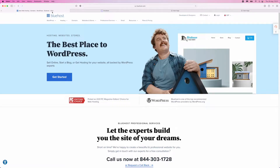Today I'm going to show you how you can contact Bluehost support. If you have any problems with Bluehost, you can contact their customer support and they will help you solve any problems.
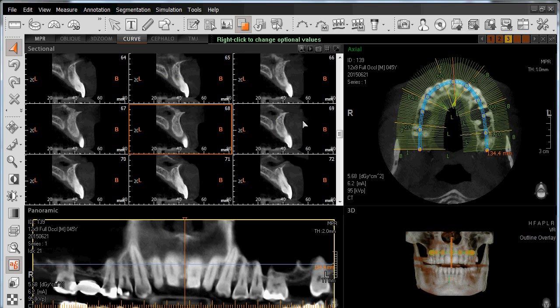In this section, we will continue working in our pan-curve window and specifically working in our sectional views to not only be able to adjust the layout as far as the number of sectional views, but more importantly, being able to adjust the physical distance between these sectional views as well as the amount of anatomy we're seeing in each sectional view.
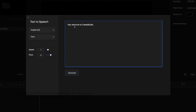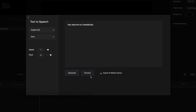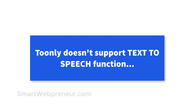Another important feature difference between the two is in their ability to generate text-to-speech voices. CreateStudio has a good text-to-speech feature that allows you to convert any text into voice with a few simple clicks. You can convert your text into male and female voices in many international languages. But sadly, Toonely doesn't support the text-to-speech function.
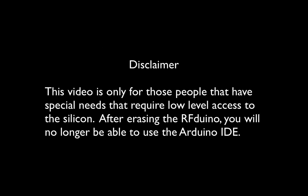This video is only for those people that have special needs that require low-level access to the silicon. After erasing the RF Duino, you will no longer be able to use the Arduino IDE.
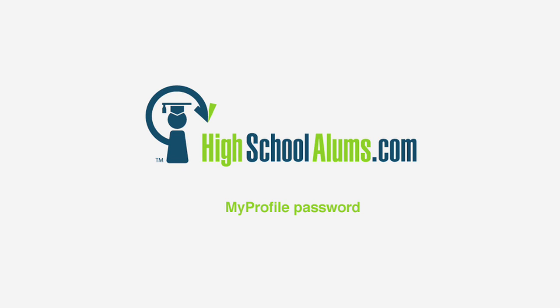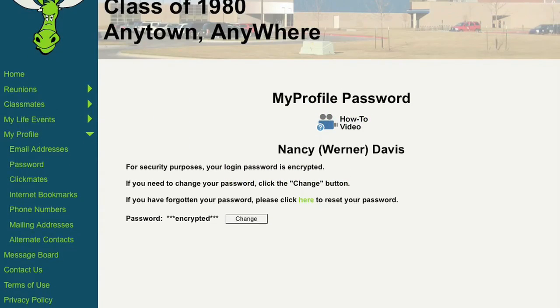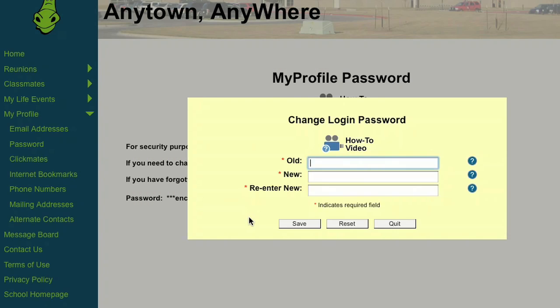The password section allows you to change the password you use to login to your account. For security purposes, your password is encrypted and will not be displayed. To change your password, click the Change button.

[Try it] Repeat the material verbatim. Do not carry over any picture.

[Answer box]
Today I'm going to show you how you can contact Bluehost support. If you have any problems with Bluehost, you can contact their customer support and they will help you solve any problems.
In this section, we will continue working in our pan-curve window and specifically working in our sectional views to not only be able to adjust the layout as far as the number of sectional views, but more importantly, being able to adjust the physical distance between these sectional views as well as the amount of anatomy we're seeing in each sectional view.
Another important feature difference between the two is in their ability to generate text-to-speech voices. CreateStudio has a good text-to-speech feature that allows you to convert any text into voice with a few simple clicks. You can convert your text into male and female voices in many international languages. But sadly, Toonely doesn't support the text-to-speech function.
This video is only for those people that have special needs that require low-level access to the silicon. After erasing the RF Duino, you will no longer be able to use the Arduino IDE.
The password section allows you to change the password you use to login to your account. For security purposes, your password is encrypted and will not be displayed. To change your password, click the Change button.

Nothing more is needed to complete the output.